Why the Follow-Up Email Matters
In close hiring decisions, and most are close, the follow-up email tips the balance. A well-written thank-you note does three things. Reinforces your enthusiasm. Gives you one last shot at any concern that surfaced. Shows professionalism. Surveys show over 80% of hiring managers say a thank-you note influences their decision, yet fewer than 25% of candidates send one.
This is a free advantage. Don't leave it on the table.

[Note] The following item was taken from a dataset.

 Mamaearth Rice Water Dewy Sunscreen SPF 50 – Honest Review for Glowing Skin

Related reading: How to Pass an AI Job Interview in 2025: The Complete Guide · How to Use AI to Prepare for Any Job Interview · The 20 Most Common Behavioural Interview Questions — With Strong Answers.
The Timing
Within 24 hours. Within 2 to 4 hours if the interview went well and the decision timeline is short. For panel interviews, send individual, personalised emails to each interviewer. Not one group thread. This means collecting names or LinkedIn handles during the interview itself, even if you have to ask.

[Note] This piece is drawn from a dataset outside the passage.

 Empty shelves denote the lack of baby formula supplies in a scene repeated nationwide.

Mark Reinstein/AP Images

The Structure of a Perfect Follow-Up Email
Subject Line
Simple and clear: "Thank you — [Your Name] / [Role Name]" or "Following up on our conversation — [Your Name]." Skip "Hi" or "Interview Follow-Up." Bland subjects get archived.
Opening
Real gratitude plus one specific moment from the conversation. Proves you were paying attention. A line like "I really enjoyed your point about how the team is rethinking onboarding for self-serve customers" works because no AI-template ever wrote that sentence.
Body
Briefly reinforce interest. If something came up during the interview you didn't fully address, this is your moment to clarify or expand. Two or three sentences. The recruiter is busy.
Closing
Restate enthusiasm and the next step. "Excited about the chance to contribute to [specific team/goal] and looking forward to hearing about next steps. Happy to share any additional information from my end."
A Template That Works
Subject: Thank you — Priya Sharma / Senior Product Manager role
Hi Sarah,
Thank you for taking the time this afternoon to walk me through the Senior PM role. I particularly enjoyed our discussion about scaling the enterprise tier — it confirmed how well-aligned the problems are with what I want to be working on.

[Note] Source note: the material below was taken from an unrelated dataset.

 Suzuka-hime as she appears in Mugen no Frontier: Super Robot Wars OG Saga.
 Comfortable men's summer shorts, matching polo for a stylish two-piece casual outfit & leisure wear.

Our chat reinforced that my experience leading cross-functional product launches in B2B would translate directly to what you're building. To add to my earlier point about roadmap prioritisation: at my previous role, we used a RICE scoring framework that improved quarterly planning cycle time by about 30%. Happy to walk through that in more detail if useful.
Excited about the possibility of joining the team at [Company]. Looking forward to next steps.
Warm regards,
Priya
When You Haven't Heard Back
If the timeline they gave has passed, send a short follow-up. "Hi [Name], wanted to check in on the timeline for the [role] position. Still very interested and happy to provide anything else you need. Thanks!" One sentence apology, one sentence ask. No theatrics.
One more piece of contrarian advice. Don't send AI-generated thank-you emails. Hiring managers see fifty a week and they've started flagging the ones that feel templated. Write yours in your own voice. Three minutes. The shorter, more specific note beats the polished, AI-smoothed one every single time.